Engineering bioremediating bacteria for open-release application
Citation:
Svoboda, J. AND J. Reichman. Engineering bioremediating bacteria for open-release application. 2024 Synthetic Biology: Engineering, Evolution & Design (SEED) Conference, Atlanta, GA, June 24 - 27, 2024.
Impact/Purpose:
This presentation will be made at the 2024 Synthetic Biology: Engineering, Evolution & Design Conference, and it covers ground-breaking research at ORD/CPHEA/PESD within Product CSS.403.2.1 - Data to support risk assessments of novel engineered microbes. The poster will showcase plans for bioengineering of an Escherichia coli strain with synthetic constructs for remediation of a prevalent microplastic pollutant (PET) and for biocontainment via a CRISPR-Cas12a kill-switch. The research will develop a model chassis organism to be used in experiments to address the Agency needs for updated detection and tracking methods for genetically engineered microorganisms (GEMs) being tested under containment for their persistence, performance, and efficacy.
Description:
From Superfund sites, to oil spills, to the ubiquity of microplastics, anthropogenic pollution is an ever-growing threat to human health and the environment. Synthetic biology can potentially address this problem with microbes engineered to degrade pollutants, and also further improve such systems with biocontainment methods to prevent undesired spread of the microbe. However, there are uncertainties regarding the safety of engineered microbes with synthetic constructs intended for open release into the environment. To determine the stability of such engineered bacteria and their effects on native microbiota, we aim to engineer a strain of Escherichia coli that will die upon completing its bioremediation task, in order to test its functional efficiency for both bioremediation and biocontainment. Focusing on microplastic as our example bioremediation target, we chose poly(ethylene terephthalate) (PET) as it is widely-used, including in consumer products such as water bottles. Using a CRISPR-Cas12a recombineering system, PET-degrading enzymes will be integrated into the genome, along with a kill-switch circuit. The kill-switch consists of Cas12a and a CRISPR array with spacers targeting multiple locations throughout the E. coli genome, including the introduced PET-degrading enzyme to prevent spread of the synthetic genetic construct. Kill-switch expression is modulated by a genetic circuit designed to induce cell death upon the absence of the environmentally benign PET degradation product. Once assembled, this strain will be grown in both synthetic media and soil microcosms, assessing PET degradation and loss of cell viability after PET has been fully degraded.

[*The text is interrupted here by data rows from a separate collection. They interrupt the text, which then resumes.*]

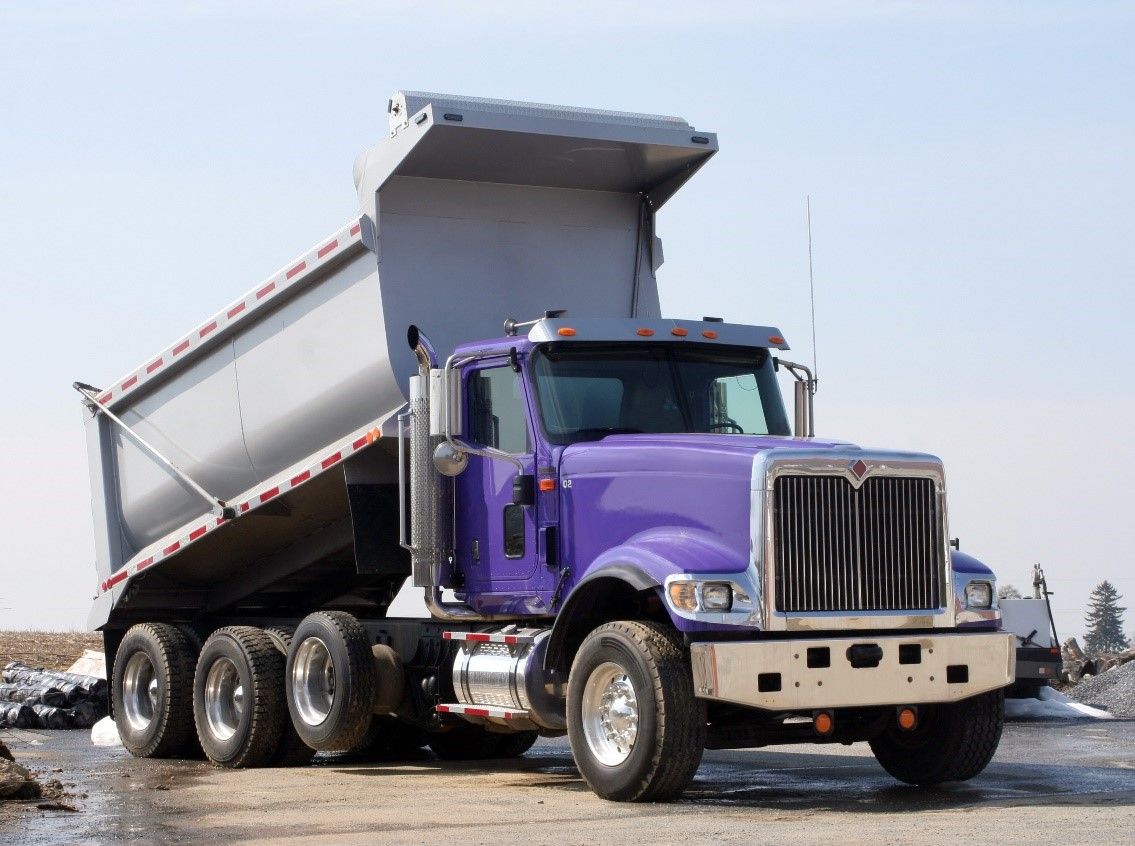 Purple dump truck with raised bed, parked on a paved area.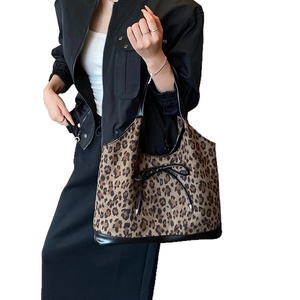 Leopard print tote bag with black bow detail and reinforced leather base for women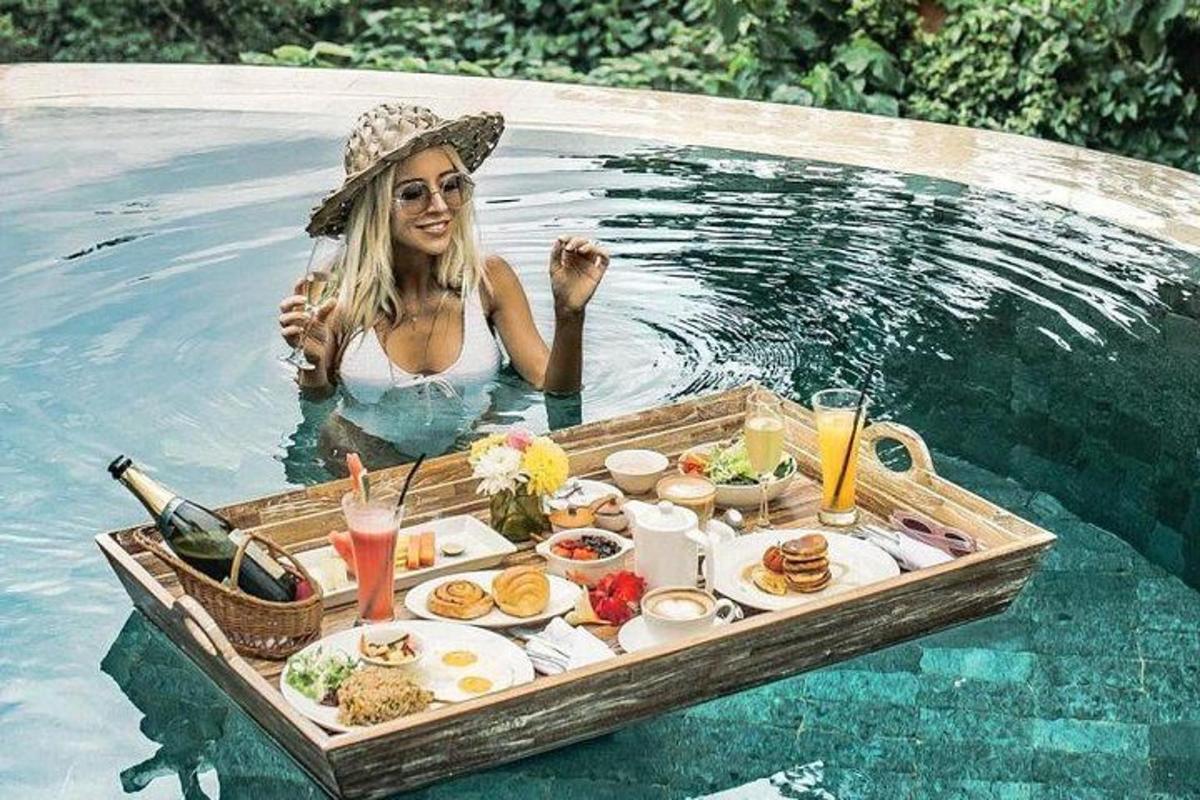 seorang wanita di dalam kolam dengan dulang makanan di dalam air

We plan to track the integrity and expression of the synthetic PETase construct over time. In the microcosms, we can further leverage metagenomics and transcriptomics to observe the effects of the engineered strain on the native soil microorganisms. This work will give insight into the interplay between synthetic gene constructs, engineered microbes, and the native microbiome in open-release bioremediation, allowing both researchers and regulators to make more informed decisions.